Context Switching in Clouds: Analysis and Enhancements

DOI : 10.17577/IJERTV2IS70015

Download Full-Text PDF Cite this Publication

Text Only Version

Context Switching in Clouds: Analysis and Enhancements

Abhinav Mishra Anil Kumar

Department of Computer Science & Engineering, Department of Computer Science & Engineering, Guru Nanak Dev University, Guru Nanak Dev University,

Amritsar, Punjab, 143001, India Amritsar, Punjab, 143001, India

Abstract This paper presents an methodology to improve the context switch overhead in cloud computing. As migration of jobs in the cloud makes context switching overhead a challenging task which increases the communication costs of cloud and results in the low utilisation. To succeed this objective, dynamic context switching parallel algorithm is purposed in this paper. In order to enhance the utilisation and computing speeds of cloud an improved strategy is used which uses dynamic context switching parallel algorithm. Purposed methodology makes changes in the decision making process of the context switch parallel algorithm dynamically considerably reducing the context switch overheads. For execution of purposed approach, a cloud simulation environment is established which significantly reduces the waiting time of jobs during execution.
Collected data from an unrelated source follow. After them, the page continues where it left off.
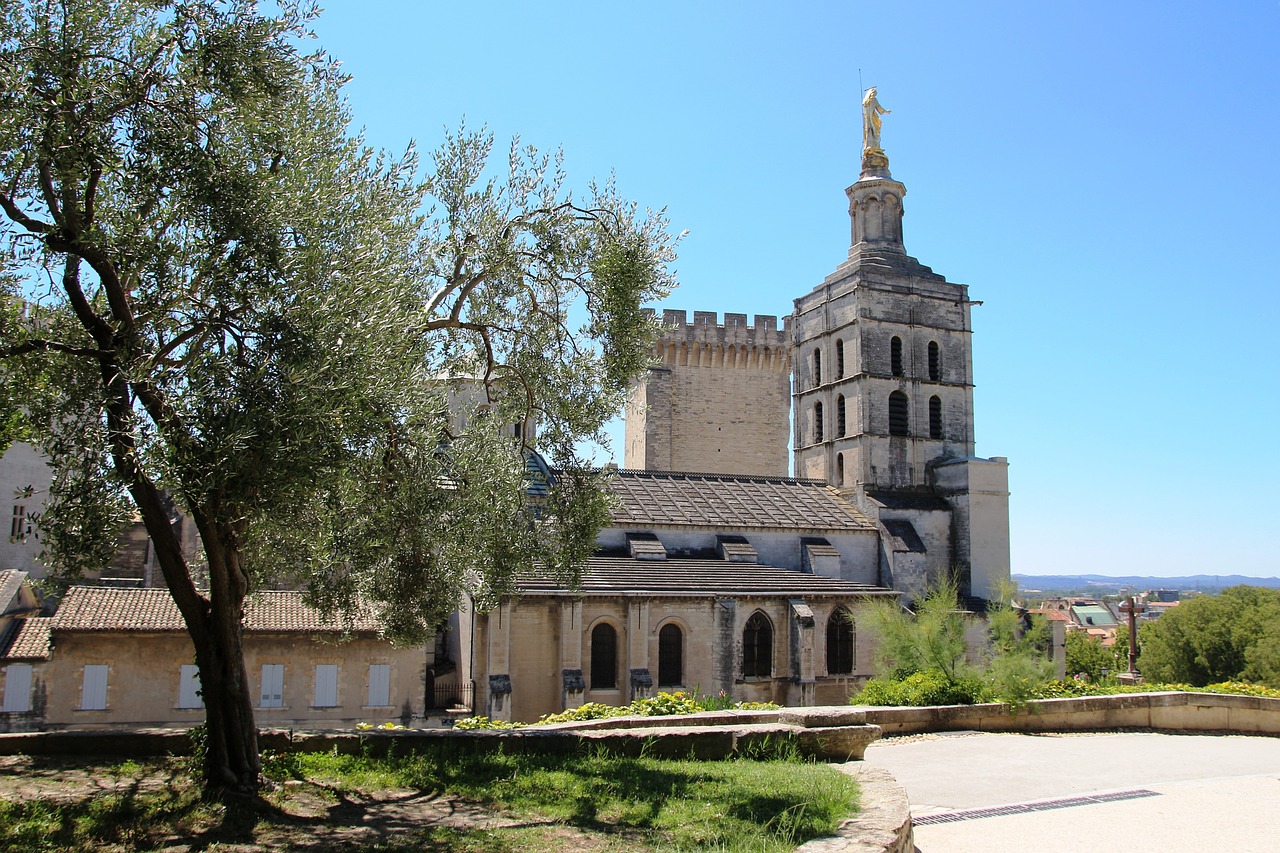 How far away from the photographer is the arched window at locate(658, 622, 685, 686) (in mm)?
22000

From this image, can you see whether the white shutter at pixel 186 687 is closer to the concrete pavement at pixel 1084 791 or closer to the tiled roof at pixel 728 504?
the tiled roof at pixel 728 504

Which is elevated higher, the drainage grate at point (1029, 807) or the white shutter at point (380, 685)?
the drainage grate at point (1029, 807)

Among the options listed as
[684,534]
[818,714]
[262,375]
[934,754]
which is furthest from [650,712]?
[684,534]

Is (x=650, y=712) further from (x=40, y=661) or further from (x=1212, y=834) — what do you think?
(x=40, y=661)

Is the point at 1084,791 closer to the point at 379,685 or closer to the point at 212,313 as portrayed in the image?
the point at 212,313

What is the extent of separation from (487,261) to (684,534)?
1749cm

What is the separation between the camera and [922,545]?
99.1ft

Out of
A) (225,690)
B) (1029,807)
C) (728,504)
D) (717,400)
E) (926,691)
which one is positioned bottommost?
(1029,807)

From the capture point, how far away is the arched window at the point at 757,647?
75.4ft

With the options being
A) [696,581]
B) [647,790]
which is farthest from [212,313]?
[696,581]

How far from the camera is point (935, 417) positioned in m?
33.3

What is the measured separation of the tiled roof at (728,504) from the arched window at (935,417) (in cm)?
470

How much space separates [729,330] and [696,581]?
766 inches

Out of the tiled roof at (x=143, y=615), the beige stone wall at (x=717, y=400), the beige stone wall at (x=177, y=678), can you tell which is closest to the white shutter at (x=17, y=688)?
the beige stone wall at (x=177, y=678) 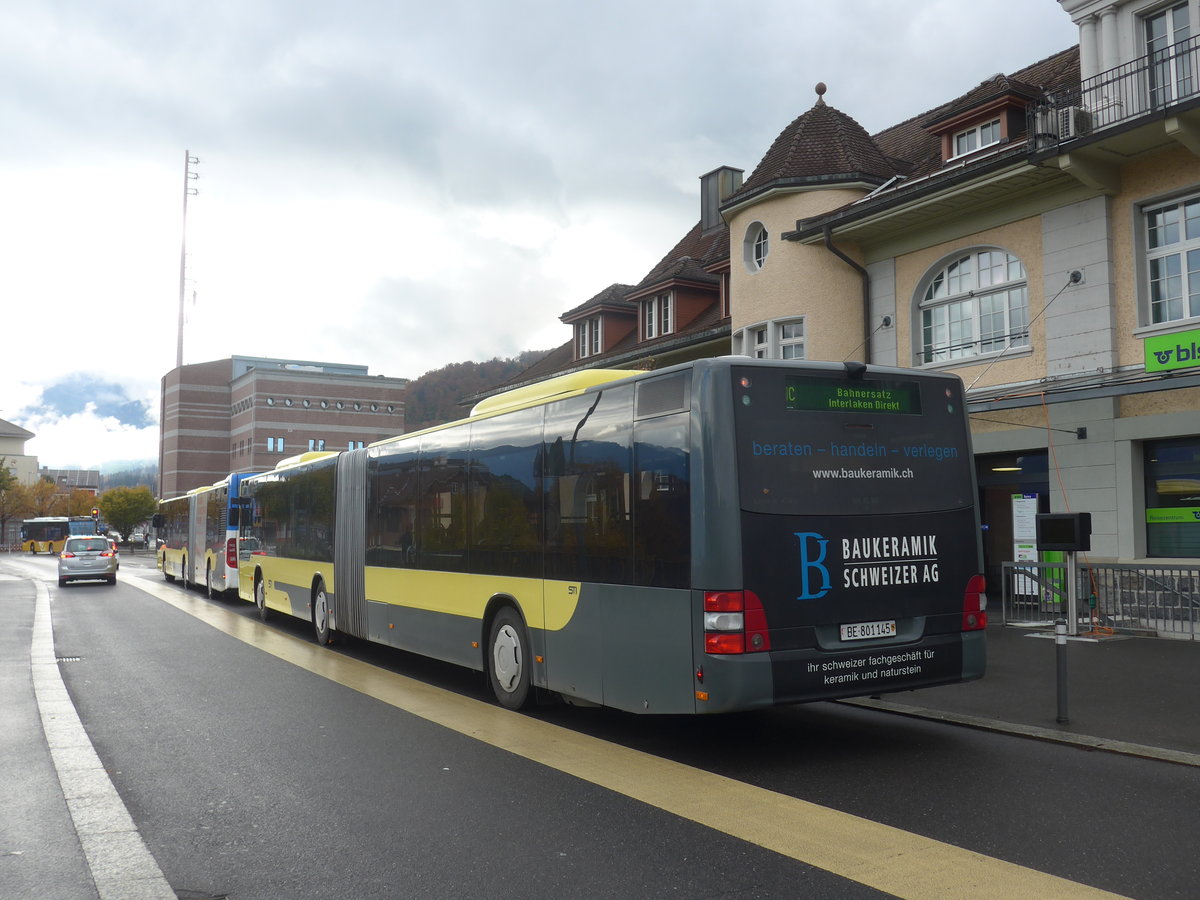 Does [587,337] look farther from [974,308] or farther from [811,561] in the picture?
[811,561]

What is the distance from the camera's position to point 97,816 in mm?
5766

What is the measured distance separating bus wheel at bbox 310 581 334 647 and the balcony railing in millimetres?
12860

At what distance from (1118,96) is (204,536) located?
22833mm

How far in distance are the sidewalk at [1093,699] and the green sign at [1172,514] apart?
9.97ft

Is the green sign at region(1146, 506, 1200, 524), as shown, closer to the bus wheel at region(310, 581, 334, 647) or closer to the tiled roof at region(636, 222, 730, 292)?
A: the bus wheel at region(310, 581, 334, 647)

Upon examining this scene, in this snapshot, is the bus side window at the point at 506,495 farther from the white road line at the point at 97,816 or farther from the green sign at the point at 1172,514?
the green sign at the point at 1172,514

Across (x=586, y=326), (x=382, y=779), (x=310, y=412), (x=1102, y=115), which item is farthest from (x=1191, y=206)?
(x=310, y=412)

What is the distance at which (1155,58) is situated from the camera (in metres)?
15.6

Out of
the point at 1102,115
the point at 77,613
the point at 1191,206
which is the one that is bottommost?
the point at 77,613

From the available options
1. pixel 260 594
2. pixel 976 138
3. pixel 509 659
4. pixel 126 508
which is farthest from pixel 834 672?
pixel 126 508

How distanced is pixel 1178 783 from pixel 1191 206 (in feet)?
38.6

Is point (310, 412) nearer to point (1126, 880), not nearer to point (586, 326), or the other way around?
point (586, 326)

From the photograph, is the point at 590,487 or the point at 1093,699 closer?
the point at 590,487

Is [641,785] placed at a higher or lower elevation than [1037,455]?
lower
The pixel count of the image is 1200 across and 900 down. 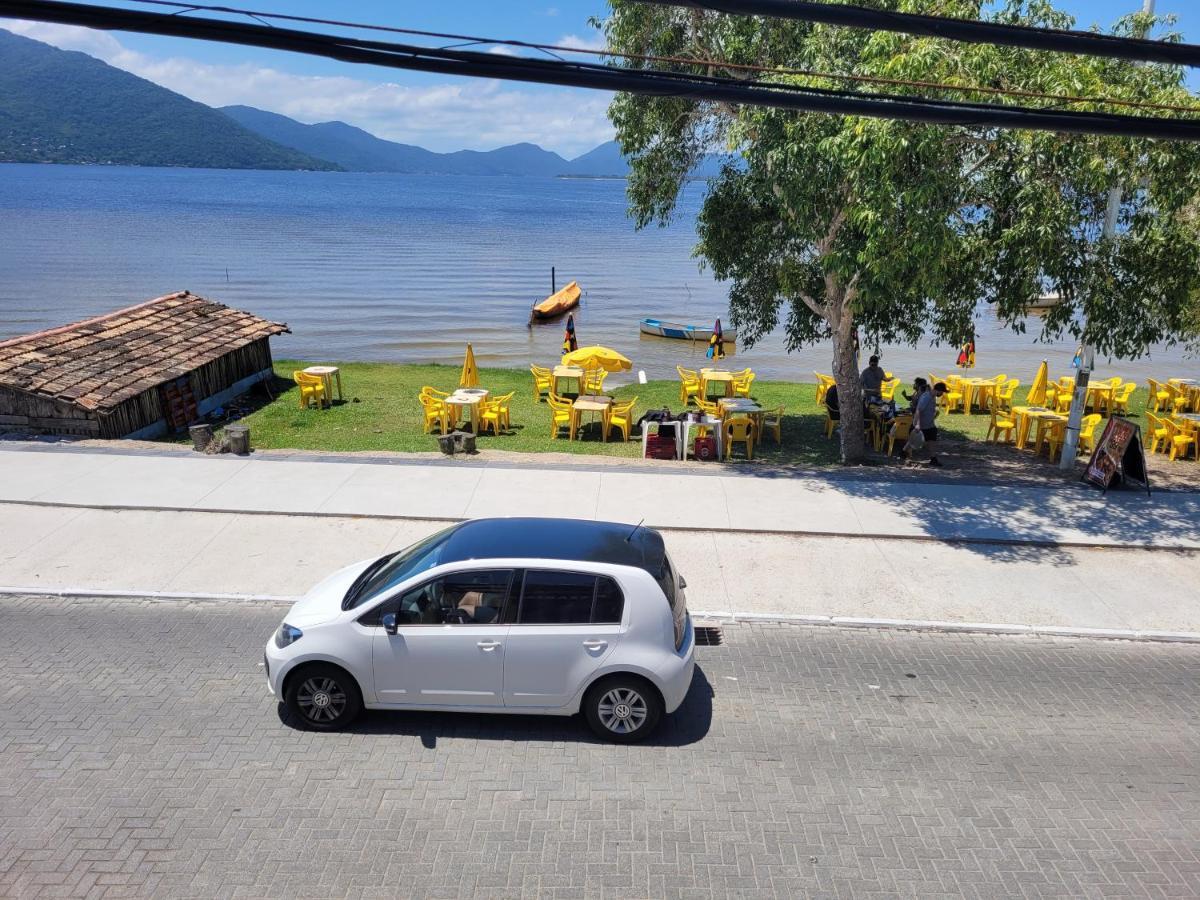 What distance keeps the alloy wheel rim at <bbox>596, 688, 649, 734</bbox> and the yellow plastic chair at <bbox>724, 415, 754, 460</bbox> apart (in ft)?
33.0

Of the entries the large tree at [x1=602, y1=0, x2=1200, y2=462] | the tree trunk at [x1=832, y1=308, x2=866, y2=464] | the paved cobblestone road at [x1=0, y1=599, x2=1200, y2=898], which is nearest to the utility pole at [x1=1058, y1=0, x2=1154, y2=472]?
the large tree at [x1=602, y1=0, x2=1200, y2=462]

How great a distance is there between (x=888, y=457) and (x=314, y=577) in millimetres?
11163

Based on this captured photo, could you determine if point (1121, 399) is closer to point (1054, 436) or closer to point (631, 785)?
point (1054, 436)

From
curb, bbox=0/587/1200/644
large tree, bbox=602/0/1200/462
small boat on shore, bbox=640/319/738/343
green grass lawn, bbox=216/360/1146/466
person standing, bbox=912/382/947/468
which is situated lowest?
small boat on shore, bbox=640/319/738/343

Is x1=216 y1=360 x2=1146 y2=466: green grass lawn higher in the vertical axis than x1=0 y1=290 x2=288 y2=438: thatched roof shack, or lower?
lower

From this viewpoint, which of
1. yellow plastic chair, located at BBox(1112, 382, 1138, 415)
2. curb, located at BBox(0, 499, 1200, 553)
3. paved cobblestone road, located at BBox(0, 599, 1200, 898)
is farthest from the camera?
yellow plastic chair, located at BBox(1112, 382, 1138, 415)

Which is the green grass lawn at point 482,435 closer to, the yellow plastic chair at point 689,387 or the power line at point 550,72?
the yellow plastic chair at point 689,387

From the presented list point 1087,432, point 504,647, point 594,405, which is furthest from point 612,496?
point 1087,432

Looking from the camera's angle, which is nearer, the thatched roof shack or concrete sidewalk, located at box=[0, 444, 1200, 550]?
concrete sidewalk, located at box=[0, 444, 1200, 550]

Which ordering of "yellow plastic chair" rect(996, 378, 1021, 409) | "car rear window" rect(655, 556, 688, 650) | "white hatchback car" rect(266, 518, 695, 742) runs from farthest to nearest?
"yellow plastic chair" rect(996, 378, 1021, 409)
"car rear window" rect(655, 556, 688, 650)
"white hatchback car" rect(266, 518, 695, 742)

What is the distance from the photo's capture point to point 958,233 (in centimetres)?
1360

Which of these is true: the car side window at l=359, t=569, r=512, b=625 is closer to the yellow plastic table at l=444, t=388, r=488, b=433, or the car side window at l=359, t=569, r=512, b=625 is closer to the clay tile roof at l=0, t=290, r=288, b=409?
the yellow plastic table at l=444, t=388, r=488, b=433

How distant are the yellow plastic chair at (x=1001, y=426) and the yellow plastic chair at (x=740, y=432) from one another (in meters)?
5.22

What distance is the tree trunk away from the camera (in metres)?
16.7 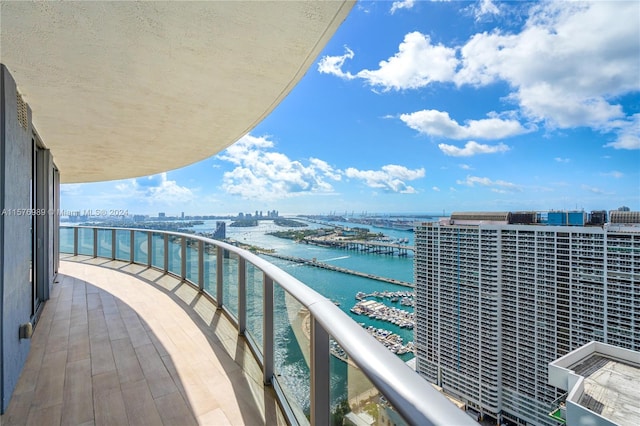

Index TermsMultiprogramming, Load balancing, Context switching, Job migration, Optimal switching.

  1. INTRODUCTION

    Cloud computing refers to the model of computing as a utility, just like water and electricity, where users can have access to vast computational resources based on their requirements. In fact Clouds offer the ability to utilize any type of software, either existing or custom-made. The cloud computing paradigm promises a cost-effective solution for running business applications through the use of virtualization technologies, highly scalable distributed computing and data management techniques as well as a Pay-As-You-Go (PAYG) pricing model. In recent years, it also offers high performance computing capacity for applications to solve complex problems.

    Improving resource utilization is essential for achieving cost-effectiveness. Low utilization has long been an issue in datacentres. For a datacentre, or a subset of servers in a datacentre that mainly handles applications with high performance computing needs and runs parallel jobs most of the time, the problem can be significant. Parallel applications of certain nature often show a decreasing utilization of CPU resources as parallelism grows, mainly because of the communication and synchronization among parallel processes. It is challenging but important for a datacentre to achieve a certain level of utilization of its nodes while maintaining the level of responsiveness of parallel jobs. There are various performance issues also which degrade the utilization of such kind of environments. Various factors that contribute towards the low utilization as well as high costs like context switch in job migration, scheduling overhead, network driver overhead and may more which lead to increase in the communication costs.

    The importance of cloud computing lies in the opportunity for small companies and organizations to have access to computing infrastructure without the need for prior investment. Therefore ideas that would have required major capital investment can be implemented on the cloud with minimal costs and reduced risk. It quickly becomes obvious that Cloud computing can also be applied in the area of HPC (High Performance Computing). Small institutions and individual scientific teams can now have access to large computational resources not only through the Grid, with all its restrictions and limitations, but also through the Cloud which provides an infrastructure platform with virtually infinite resources at a fraction of the cost of maintaining a private cluster, and on a flexible pay-per-use model. Cloud computing providers offer their services according to three fundamental models: Infrastructure as a service (IaaS), platform as a service (PaaS), and software as a service (SAAS).The flexibility and scalability of commercial cloud infrastructures make them an attractive application migration target; however, due to the associated complexity, it is difficult to make newly migrated applications run efficiently in clouds. Cloud computing is the use of computing resources (hardware and software) that are delivered as a service over a network (typically the Internet) [1]. The name comes from the use of a cloud-shaped symbol as an abstraction for the complex infrastructure it contains in system diagrams. Cloud computing entrusts remote services with a user's data, software and computation.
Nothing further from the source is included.